Currently, many AVs use a powerful central compute platform, but as the technology, safety standards, and regulations mature even these platforms cannot deliver the performance needed. Distributed processing offers some answers, especially for AVs.

AI isn’t just about Neural Networks (NN)s

Many people believe that AI is only about NNs and how to execute them. However, a broad set of algorithms is used to perform AI tasks – and many of them don’t use Neural Networks (NNs) at all. For example, a number of well-known image processing algorithms rely on sophisticated software written the way much of today’s code is written – in a sequential language such as C++, compiled and executed just like any other program. As a result, any AI hardware platform for AVs needs to support substantial general-purpose computing, as well as NN computation.

Why not just have one big, fast computer then?

Many people also associate AI with big datacenter computing (read Tony King-Smith’s blog on the subject). Datacenters are all about performance, so it’s not surprising that when AI appears in autonomous vehicles (AVs), people start talking about putting “a datacenter under the front seat”. In other words, putting as much general purpose processing power into a car as possible. The problem is, it’s far too power-hungry, expensive, and if something goes wrong, a lot goes wrong. Furthermore, packing so much compute power into a relatively small space means big power, thermal and reliability issues.

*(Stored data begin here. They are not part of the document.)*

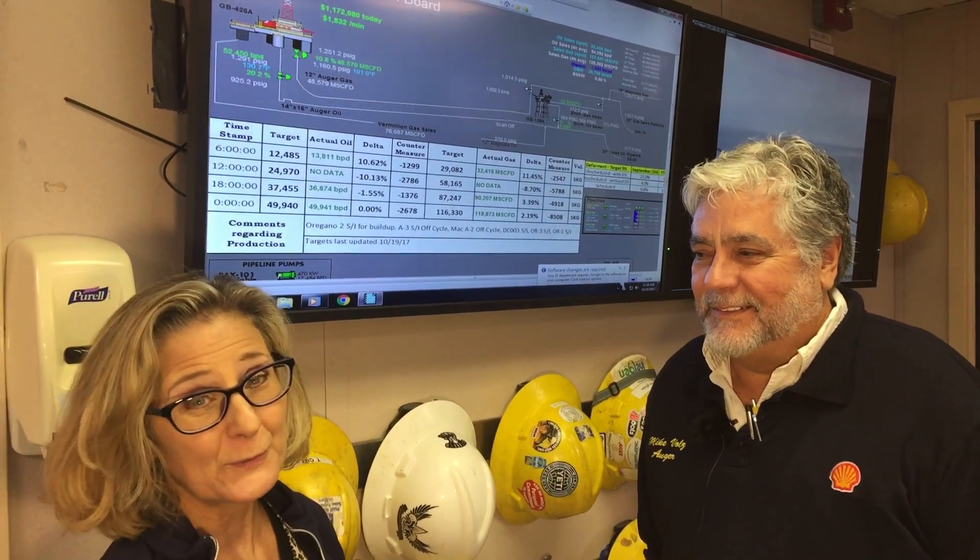Hi, I'm Luann Hammond, DrivingTheNation.com. I am here with Mike Foles, the offshore installation manager for Shell Oil Company's Auger Oil Rig.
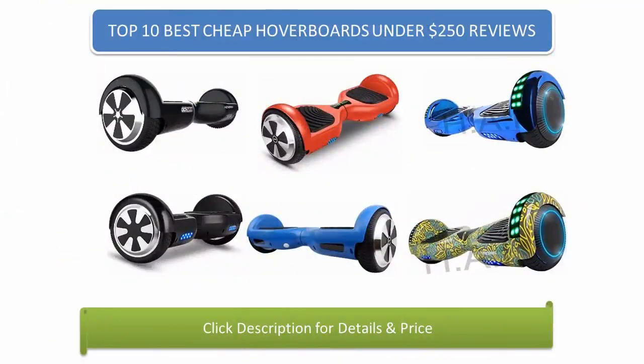Find the best cheap hoverboards under $250 in 2018 at Amazon. We analyzed consumer reviews to find the top-rated products. Find out which product scored 4.7 as I review the top 10 best cheap hoverboards under $250 on the market in 2018.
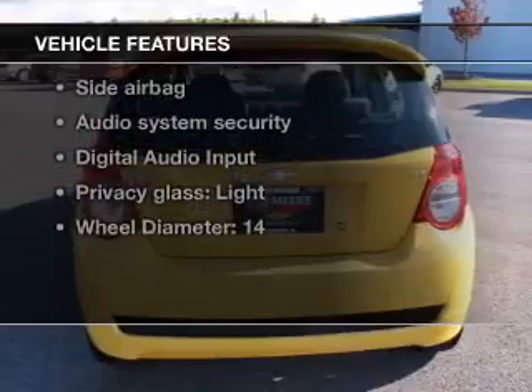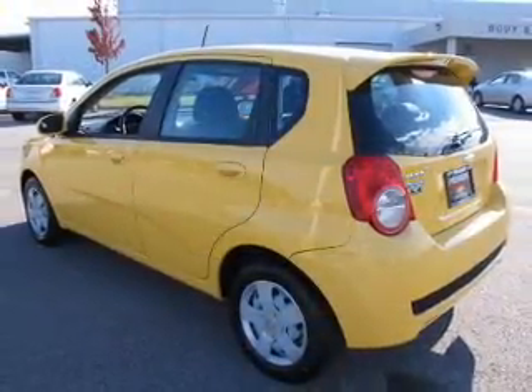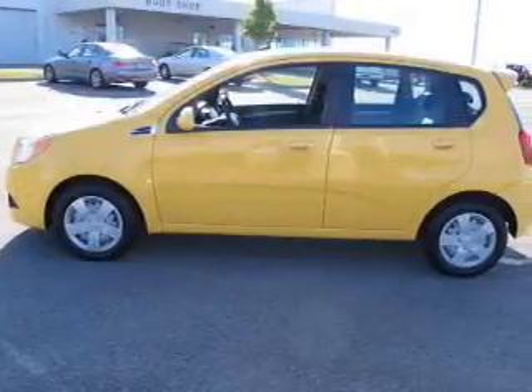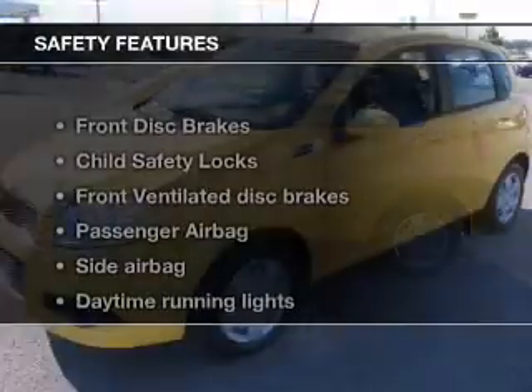Plus, enjoy these notable features that are included in this vehicle: keyless entry, power door locks, power windows, cruise control, an AM-FM stereo with a CD player, power steering, and an adjustable tilt steering wheel.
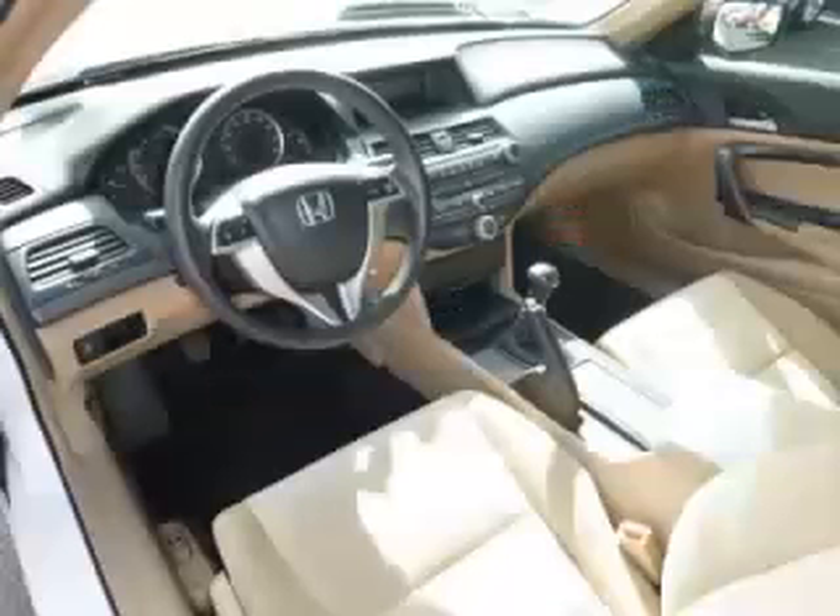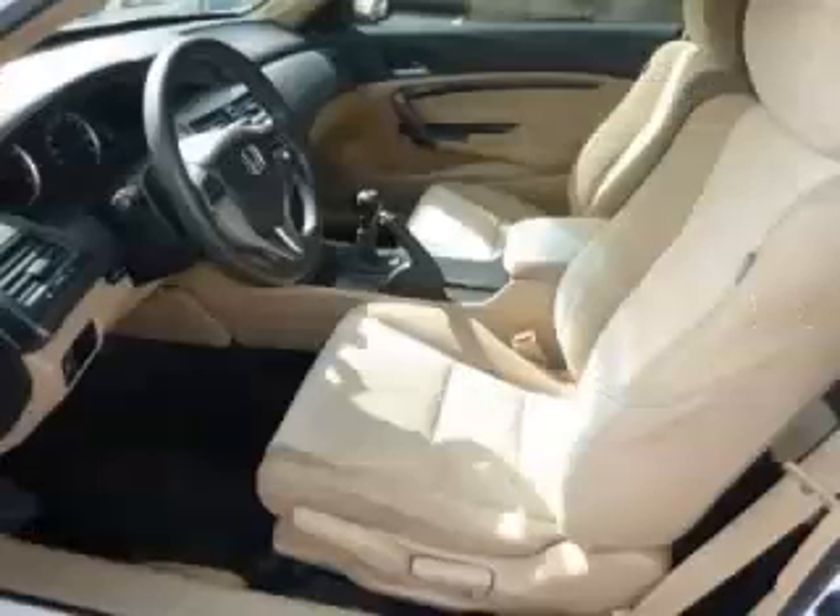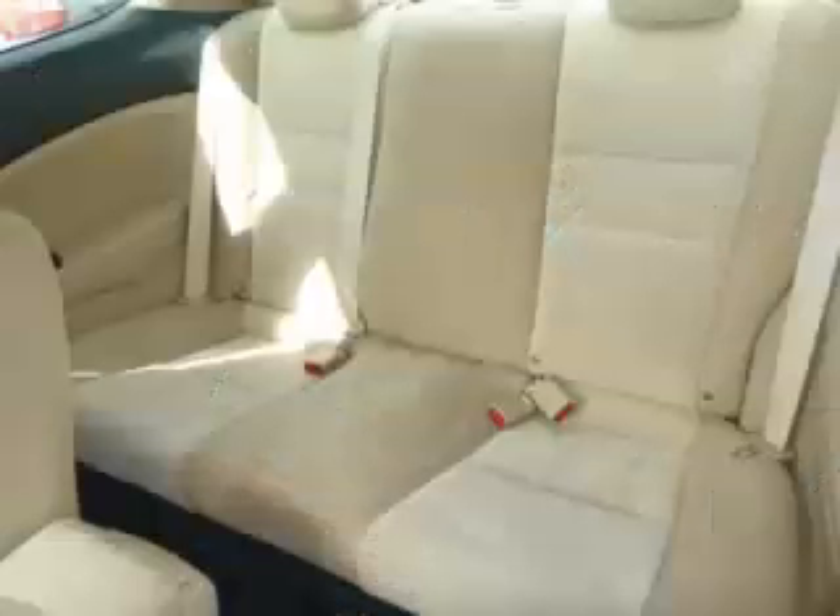Are you ready to experience this vehicle for yourself? Then call today to schedule your test drive, and remember to ask about our low internet financing.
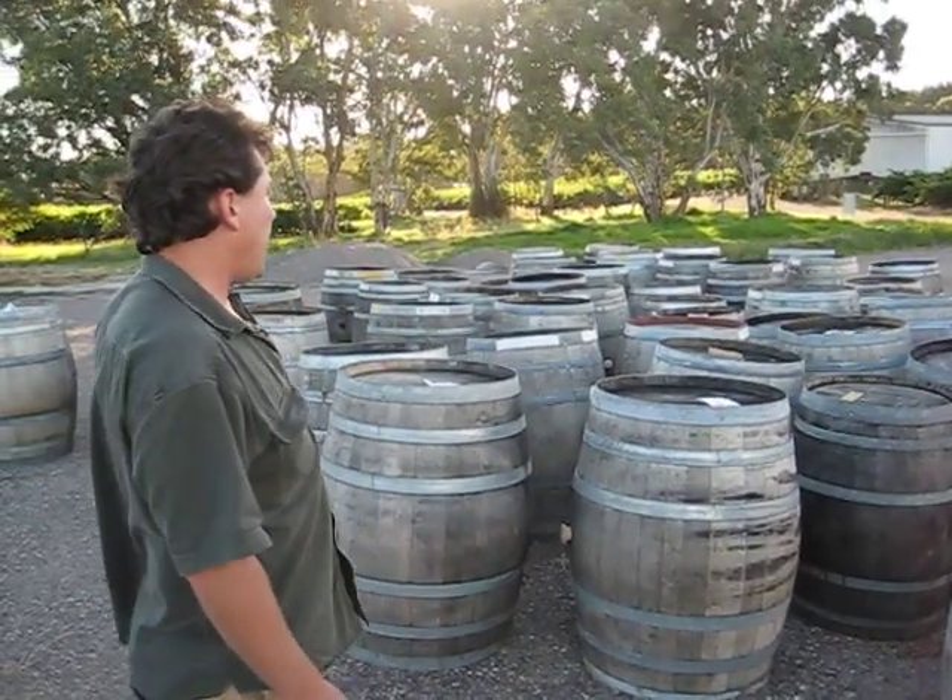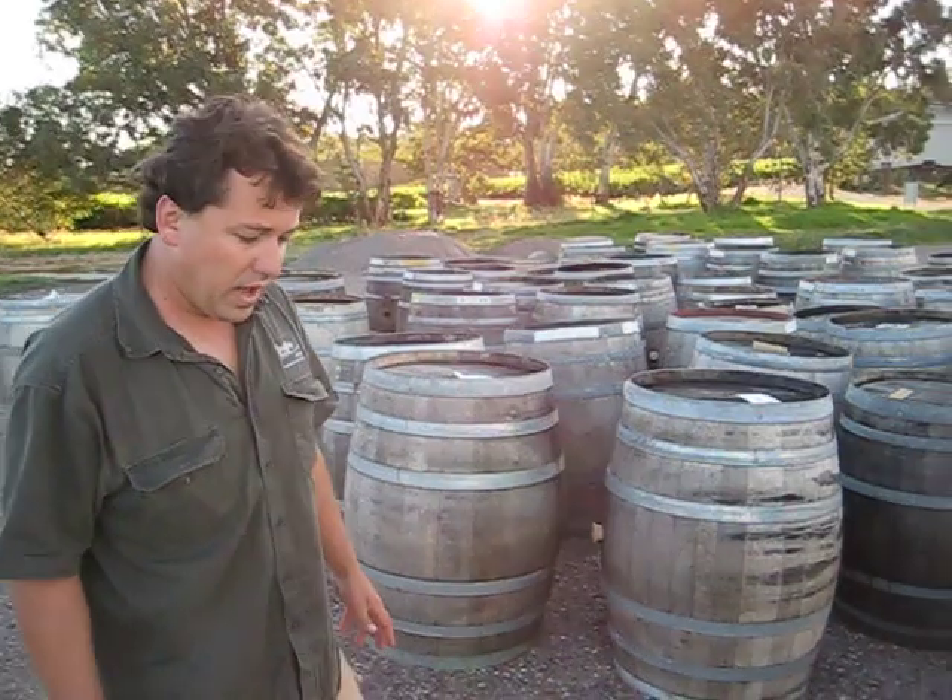Most of these barrels are faulty of some kind, probably more chemically faulty. They're tainted with something bad, or they've got holes in them, so they'll be turned into pot plants — keep some happy homeowner very happy, I guess.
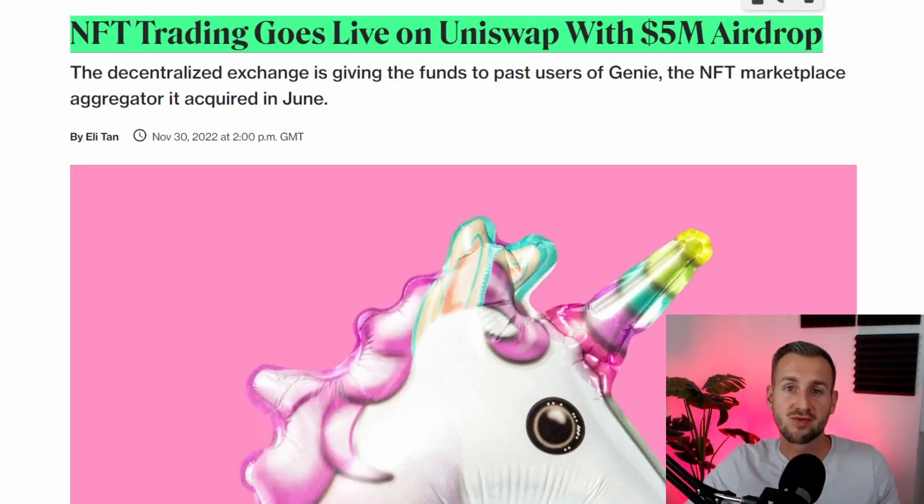Decentralized exchange Uniswap has just released their NFT marketplace. We're going to break this down in today's video. From the headlines here, NFT trading goes live on Uniswap with a $5 million USDC airdrop.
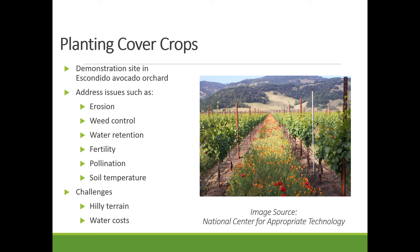Now, there are some challenges to cover cropping. We're trying this at our demonstration site as well. In San Diego, we don't have the conditions of the Central Valley with cheap water and flat ground. But we're still experimenting with it because we think that perhaps with certain species, especially native adapted species, we may be able to take advantage of those same benefits.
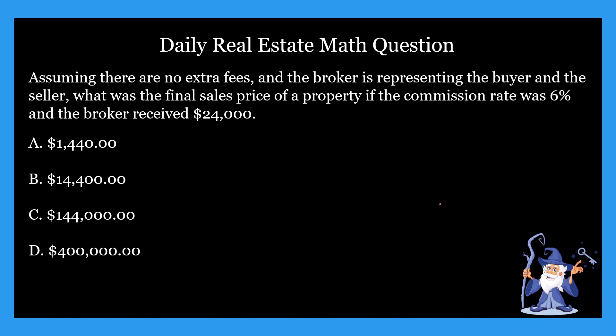So today we're going to be talking about commission — a basic commission problem with a little bit of a twist. So let's take a look at the question. It says: assuming there are no extra fees and the broker is representing the buyer and the seller, what was the final sales price of a property if the commission rate was 6% and the broker received $24,000?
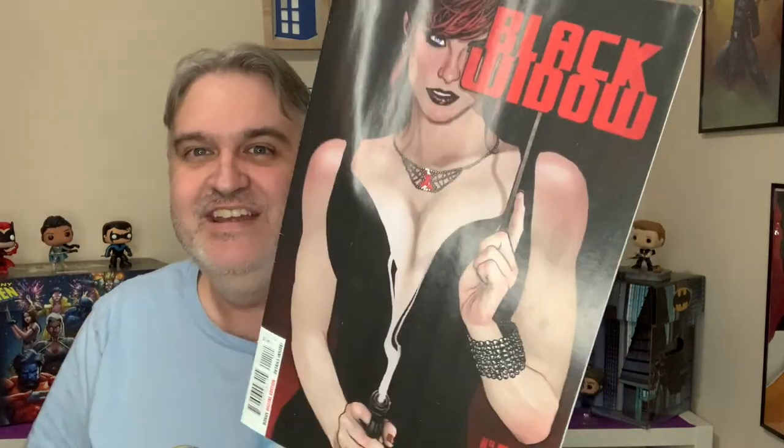Next is Black Widow No. 11, and it is a cover by Jordi Belair. Just look at that — her gun, the smoke from her gun becomes her dress and her body, and she's got an umbrella that becomes the words 'Black Widow.' It's so different. It just goes against what most comic book covers do. I love it when they play with negative and positive space like this.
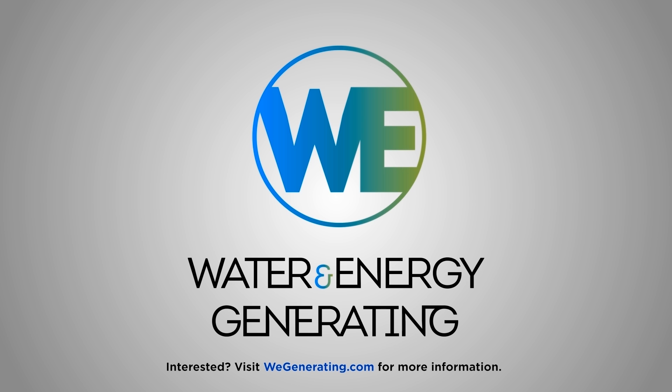W.E. Generating Inc. — generating a sustainable future for generations to come.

Computation for AI involves a number of different stages. The early stages, sometimes referred to as the “front end”, take raw data from sensors and try to make sense of it. The most common tasks are segmentation (identifying the shapes to be recognized), perception (deciding what those shapes are) and free space detection (deciding which areas are free of objects, so are safe candidates for the vehicle to travel in).

The later stages of computation (the “back end”) need to bring all of this data together in one place. All inputs are then evaluated for the vehicle to decide what they mean. Control is then applied based not only on what has been received, but anticipating what might happen next.

There is little doubt that back-end processing needs to be done centrally. However, the more front-end processing can be done away from the central processor, the less powerful the central processor needs to be.

For many AI applications, front-end tasks tend to be dominated by NN computation. Thus, it makes sense to put some of the NN compute engines near the sensors themselves. This is known as distributed edge processing. Putting computation in multiple places throughout the vehicle, rather than having everything executing on one central processing platform, makes the vehicle’s overall electronics hardware platform easier to implement, manage and scale.

So we don’t need central processors?

The central processor will always be a crucial part of any AV, as everything has to be brought together at some point to control the vehicle. It also provides the most effective way to deliver high-performance algorithm execution for the many functions needed to control modern vehicles.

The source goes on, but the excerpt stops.